There is, disappointingly but not unsurprisingly, a lack of research on the effects various types of exercise have specifically on women’s bodies and health. That said, the science really stacks up where full body moves, also known as compound exercises, are concerned. One study, published in Frontiers in Physiology, which examined the effects of single-joint vs multi-joint (full body) exercises on cardiorespiratory fitness, body composition and muscle strength in men, highlighted the many benefits. It revealed that, while programmes consisting of either single- or multi-joint exercises had similar effects on body composition, consistently doing full body exercises facilitates better adaptations for improving general fitness than doing single-joint exercises alone. Basically: full body exercises give you the best bang for your buck on all three counts – not to mention they’re more time efficient, too.

If you’d like to make more room for full body exercises in your routine, but you aren’t sure where to start (or even what’s considered a full body exercise), we’ve got everything you need to know below. Keen to read up on other workout exercises? Read our guides to the best bodyweight exercises, leg exercises, and back exercises. Keen to work your arms, in particular? Tricep exercises and shoulder exercises, at the ready. Meanwhile, if you've got some weights at your disposal? Dumbbell exercises and kettlebell exercises are seriously effective, too.

Your guide to full body exercises, one of the most effective ways to get fit

What are the benefits of doing full body exercises?

To clarify, full body exercises are those that recruit multiple muscle groups. Think: deadlift, which engages the hamstrings, glutes, core, and various muscles in the back, for example. And, according to Lucie Cowan, master PT at Third Space, there are many benefits to consistently incorporating these types of movements into your routine.

For starters, doing full body exercises can help to enhance your cardiovascular health. “They often involve large muscle groups and continuous movement, which elevates heart rate and improves cardiovascular health,” says Cowan. “Activities such as burpees, jumping jacks, and mountain climbers are excellent for boosting heart and lung capacity.”

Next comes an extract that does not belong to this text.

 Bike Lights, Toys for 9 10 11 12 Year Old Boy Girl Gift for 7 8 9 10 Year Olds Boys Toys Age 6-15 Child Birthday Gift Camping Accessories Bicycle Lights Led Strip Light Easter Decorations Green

In addition, compound exercises are ideal for improving functional strength; because they mimic real-life movements, such as squatting and hingeing, they facilitate increased strength and stability, which Cowan says helps to make everyday tasks easier – especially as you age. “Full body exercises also assist with balancing muscle development,” says Cowan. “By working the entire body, these movements promote balanced muscle growth and symmetry, reducing the risk of muscle imbalances that can lead to injury.”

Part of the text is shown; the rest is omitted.